Hans Zimmer pokazał rockową twarz podczas festiwalu Coachella 2017. Posłuchaj, jak brzmiała Incepcja!
Hans Zimmer dał czadu, zostając niekwestionowanym objawieniem tegorocznej edycji festiwalu Coachella. Najwidoczniej drzemie w nim rock’n’rollowa dusza, bo mimo sześćdziesiątki na karku, niemiecki kompozytor prezentował się na scenie nie gorzej, niż jego zaprawieni w scenicznych bojach rówieśnicy z AC/DC.

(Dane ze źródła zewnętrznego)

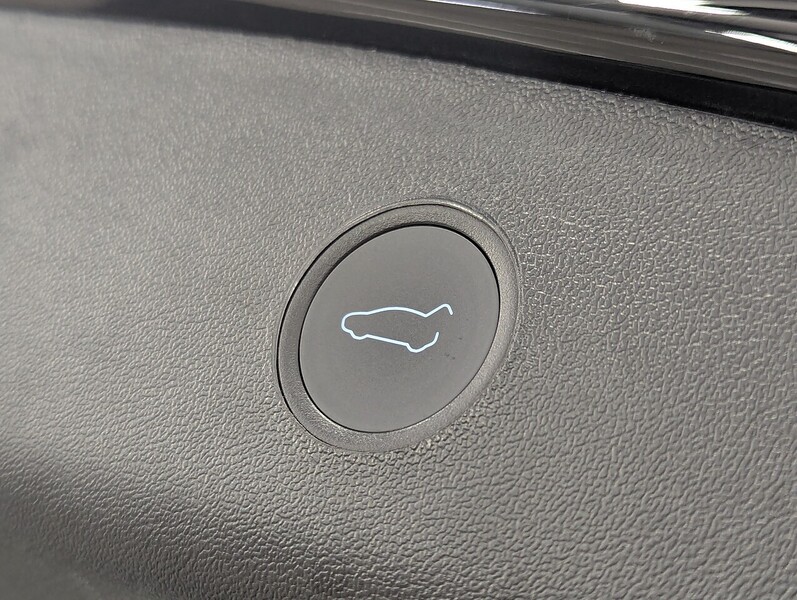 Used Tesla Model 3 2021 for sale - 76896545: Photo 45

Coachella Valley Music and Art Festival to dziś, obok słynnej Lollapaloozy, najgłośniejsze wydarzenie muzyczne w Stanach Zjednoczonych. Odbywający się na południu Kalifornii festiwal bije rekordy popularności, prezentując przekrojowy repertuar, zahaczający o wszystkie najpopularniejsze gatunki muzyczne: od hard rocka, poprzez hip-hop, a na elektronicznych brzmieniach kończąc. Muzyki filmowej jednak ciężko było się tam spodziewać… aż do obecnej edycji.
Pomysł, by w takie miejsce zaprosić jednego z najwybitniejszych kompozytorów naszych czasów, regularnie otrzymującego nominacje do najważniejszych nagród filmowych, zdaje się czymś zupełnie irracjonalnym. Zimmer potrzebuje przecież orkiestry, która wymaga odpowiednio dużo miejsca na scenie, a jej nagłośnienie w warunkach “polowych” także nie należy do najłatwiejszych… ale do odważnych świat należy. Propozycja padła, Hans Zimmer i akompaniujący mu zespół zabrali się do pracy, a w niedzielę fani mogli znaleźć ich występ w line-upie, gdzieś między największymi gwiazdami amerykańskiej sceny rozrywkowej… które Niemiec zupełnie przyćmił! (jeśli oczywiście wierzyć relacjom tamtejszych mediów)
Oficjalny kanał YouTube festiwalu opublikował nawet dziewięciominutowy fragment koncertu:
https://www.youtube.com/watch?v=sv4LfRJXf5w
Klimat jest niesamowity, przypomina mi nieco oprawę trasy promującej jakże filmowy krążek …Like Clockwork zespołu Queens of the Stone Age. Oczywiście orkiestra radzi sobie bez zarzutu, nie zważając na zupełnie nowe (zapewne niezbyt komfortowe) okoliczności. Sam Zimmer także wypada bardzo dobrze. Ba, wygląda, jakby właśnie odkrył swoje powołanie. Gdyby nie znajoma twarz i zdecydowanie zbyt duża liczba członków zespołu wokół, wziąłbym go za jakieś podstarzałego rockmana!
Jakoś tak mimo woli na myśl przyszły mi słowa Buddy’ego Richa (możecie kojarzyć je za sprawą filmu Whiplash):
Ten, komu brak umiejętności, kończy grając w zespołach rockowych.
Skąd to skojarzenie? Niemiecki kompozytor, któremu przecież talentu odmówić nie sposób, bez skrupułów demaskuje pretensjonalność słów jednego z najwybitniejszych perkusistów jazzowych wszech czasów. Spójrzcie jeszcze raz na nagranie. “Banan” na jego twarzy, podczas energicznego (jak na sześćdziesięciolatka!) podrygiwania na scenie, z gitarą elektryczną w ręku, ewidentnie pokazuje, jak wiele frajdy sprawia mu to – bądź co bądź – nowe doświadczenie.
Wracając jednak do koncertu, fani mogli usłyszeć niemal wszystkie najważniejsze kompozycje Niemca. Poza muzyką pochodzącą z Incepcji, nie zabrakło więc motywów z Gladiatora, Piratów z Karaibów, Mrocznego rycerza czy nawet Króla Lwa. Wisienką na torcie okazał się gościnny występ Pharrella Williamsa, który współpracował z Hansem Zimmerem przy muzyce do filmu Ukryte działania, nominowanego w tym roku do trzech Oscarów. Orkiestra wykonała wraz z Williamsem utwór Freedom, będący singlem rapera sprzed dwóch lat. Możecie zobaczyć to poniżej:
https://www.instagram.com/p/BS-Op_wlnua/
I na koniec najważniejsze: to jeszcze nie koniec! Formuła kalifornijskiego festiwalu zakłada pewną powtarzalność, dzięki czemu kolejny weekend gwarantuje powtórkę z rozrywki! Ponowny występ niemieckiego kompozytora i towarzyszącej mu orkiestry na Coachelli zaplanowano na 23 kwietnia. Nam pozostaje co prawda tylko liczyć, że organizatorzy ponownie udostępnią jakieś materiały, ale nie zapominajmy, że już niedługo (26.05 – Gdańsk, 28.05 – Łódź, 30.05 – Kraków) Hans Zimmer zawita do Polski w ramach swojej wakacyjnej trasy koncertowej!